Chosen by birth, rulers by the grace of God? Especially these days it is worth remembering that the principles of monarchy contradict everything that democratic societies stand for.

Only good things about the dead, they say, and this principle should not be violated here. Queen Elizabeth of England was undoubtedly an impressive woman. But this is not about them.

It’s about the monarchy, an archaic form of government that nobody in democratic societies normally takes seriously, a matter of colorful magazines and gossip reports, nothing more.
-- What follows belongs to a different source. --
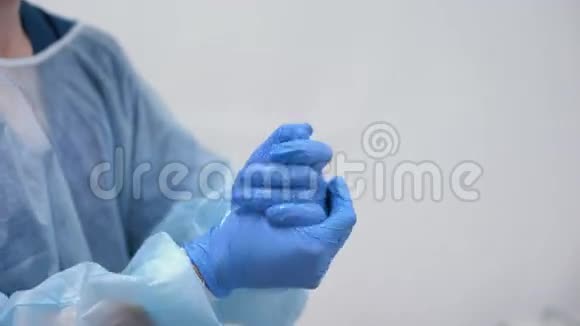 医生用喷雾消毒乳胶手套医学和健康概念视频的预览图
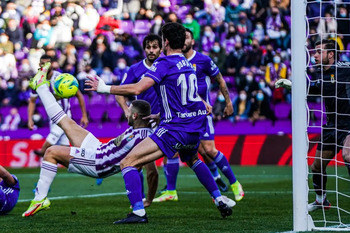 El Pucela ha ganado al Oviedo en seis ocasiones en Segunda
And yet, after Elizabeth’s death, not only in Great Britain, but also in Germany, the British royal family and the monarchy itself were spoken of with unusual respect.

It should not be forgotten that the monarchy violates a fundamental principle of democratic societies: equal rights for all. Of course, even in democracies, the children of professors, doctors and large entrepreneurs have better chances than the sons and daughters of educators, nurses and small employees. Opinions differ as to whether and to what extent the state and society should become active on this issue. But it is clear to most that there is inequality of opportunity here, and also injustice. In any case, the principle applies: birth should not create privileges.

In addition, despite all the fascination with pomp and splendor, it is obvious that the idea of ​​the hereditary monarchy is based on myths and legends, one could also say on a fiction. “Today, as it has done for more than a thousand years, the crown passes to our new monarch, our new head of state,” British Prime Minister Liz Truss said after the Queen’s death. “We offer him our loyalty and devotion, just as his mother has done so much for so many for so long.”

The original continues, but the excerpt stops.